Para exemplificar essa correlação, a VTV realizou um levantamento com base nos dados disponibilizados pela Secretaria de Segurança Pública de SP, sobre casos de violência doméstica e maus-tratos animal nas cidades de Campinas, Atibaia e Bragança Paulista. O período observado foi de janeiro até junho de 2023 e 2024.


Maus-tratos diferente da negligência
O elo entre maus-tratos animal e a violência doméstica foi apontada pela pesquisadora Maria José Sales Padilha na década de 2010, e levantou diversos estudos posteriores. Um desses estudos, focado no bem-estar dos pets, foi da Janaina Hammerschmidt, da empresa Peritus Vet Consultoria Veterinária. Em 2012 ela apresentou uma dissertação de pós-graduação em ciências veterinárias sobre o desenvolvimento e aplicação de perícia em bem-estar animal.
“Então, nós estávamos lá naquela época tão atrasados, nem se falava em teoria do elo, por exemplo. Naquela época, não se falava praticamente em maus tratos no Brasil, eram mais situações de morte violenta.”, disse a especialista. Apesar do alerta para maus-tratos, Janaina relembra que durante a pesquisa os maiores casos eram de negligência.

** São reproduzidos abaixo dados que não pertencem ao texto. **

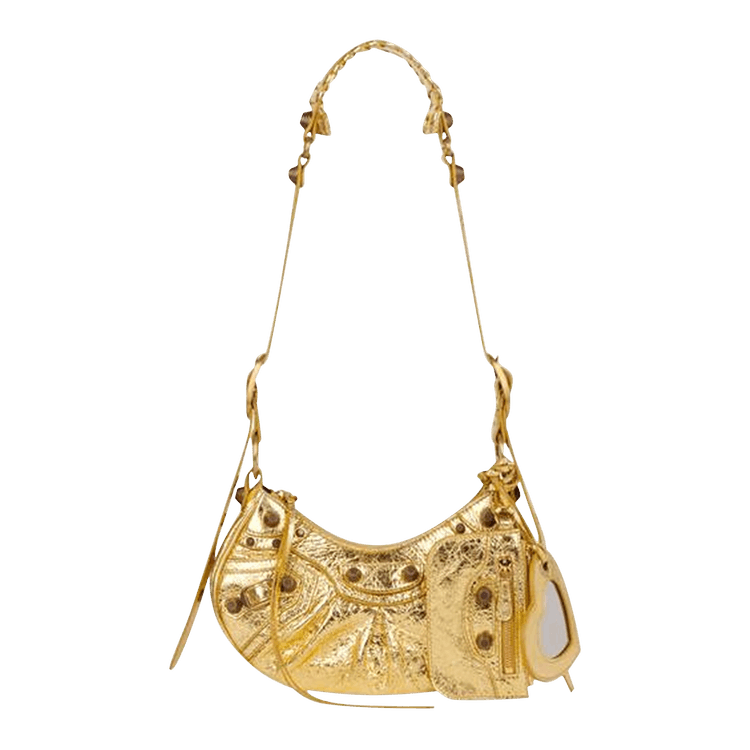 Balenciaga Le Cagole Xs Shoulder Bag 'gold'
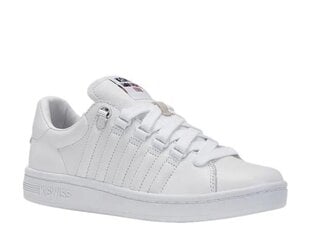 Lozan ii k-swiss naiset white 97943-966-m 97943-966-M hinta ja tiedot | Naisten urheilu- ja vapaa-ajan kengät | hobbyhall.fi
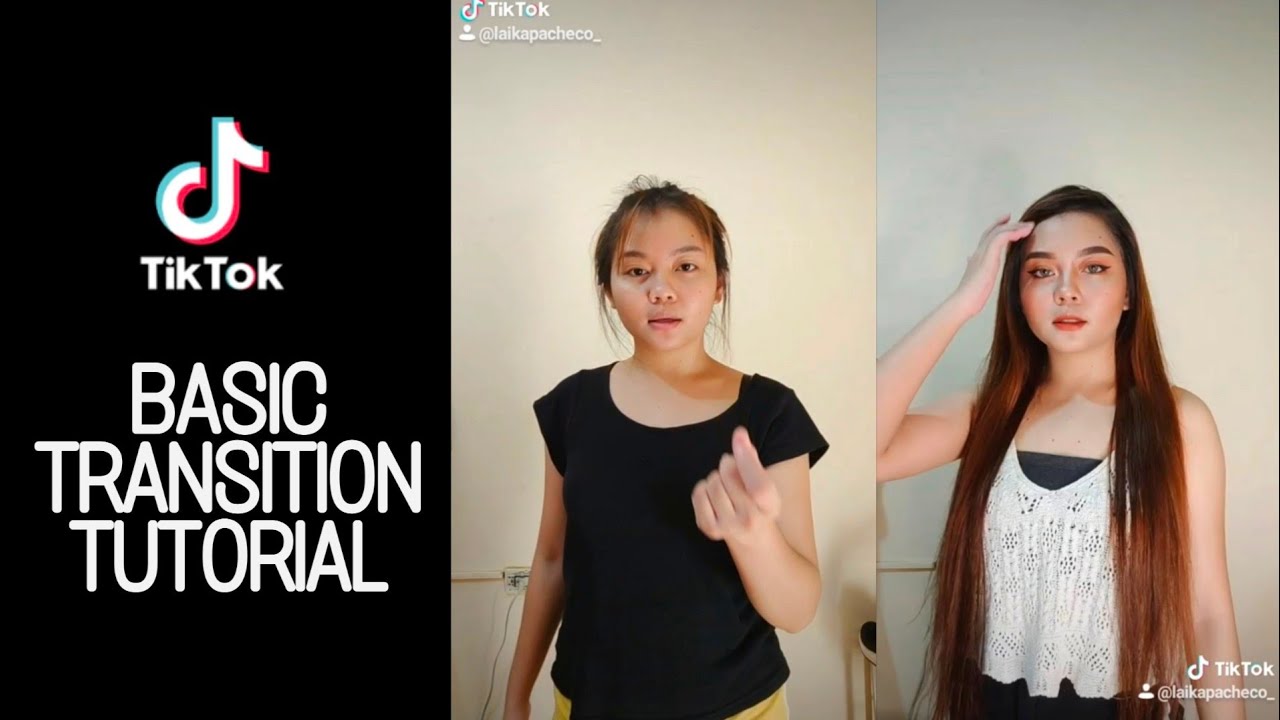 TRANSITION TUTORIAL ( Tiktok Transformation video ) + HAPPY 14,000 SUBSCRIBERS!! ♥️🎉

“A negligência é justamente essa falta de cuidado, você falhar em prover as necessidades básicas dos animais como alimentação, abrigo, conforto, atendimento de saúde, necessidades comportamentais. Então quando a gente falha em oferecer tudo que um animal precisa para viver bem, a gente pode enquadrar numa situação de negligência desde que seja por falta de conhecimento“, finalizou
Janaína explicou que a negligência é diferente da ação dolosa, isto é, intencional. A negligência refere-se a falta de conhecimentos sobre cuidados básicos para com o animal doméstico. Para este segundo, a especialista avalia tratar-se de questão estrutural e cultural da sociedade.
“Então, com certeza a gente combate a negligência, a gente tem que permear a orientação, a educação, o aprendizado também pela punição, né? E quando a gente fala de adultos e também nunca esquecer das ações educativas com as crianças pra gente levar cada vez mais essa informação. “
A especialista disse ainda que a Teoria do Elo não possui estudos que relacione a negligência a violência doméstica, apenas a ação dolosa: “quando falamos da Teoria do Elo, saímos da diferenciação da negligência, para o campo da intenção, a ação dolosa, e daí fazemos essa relação da violência.”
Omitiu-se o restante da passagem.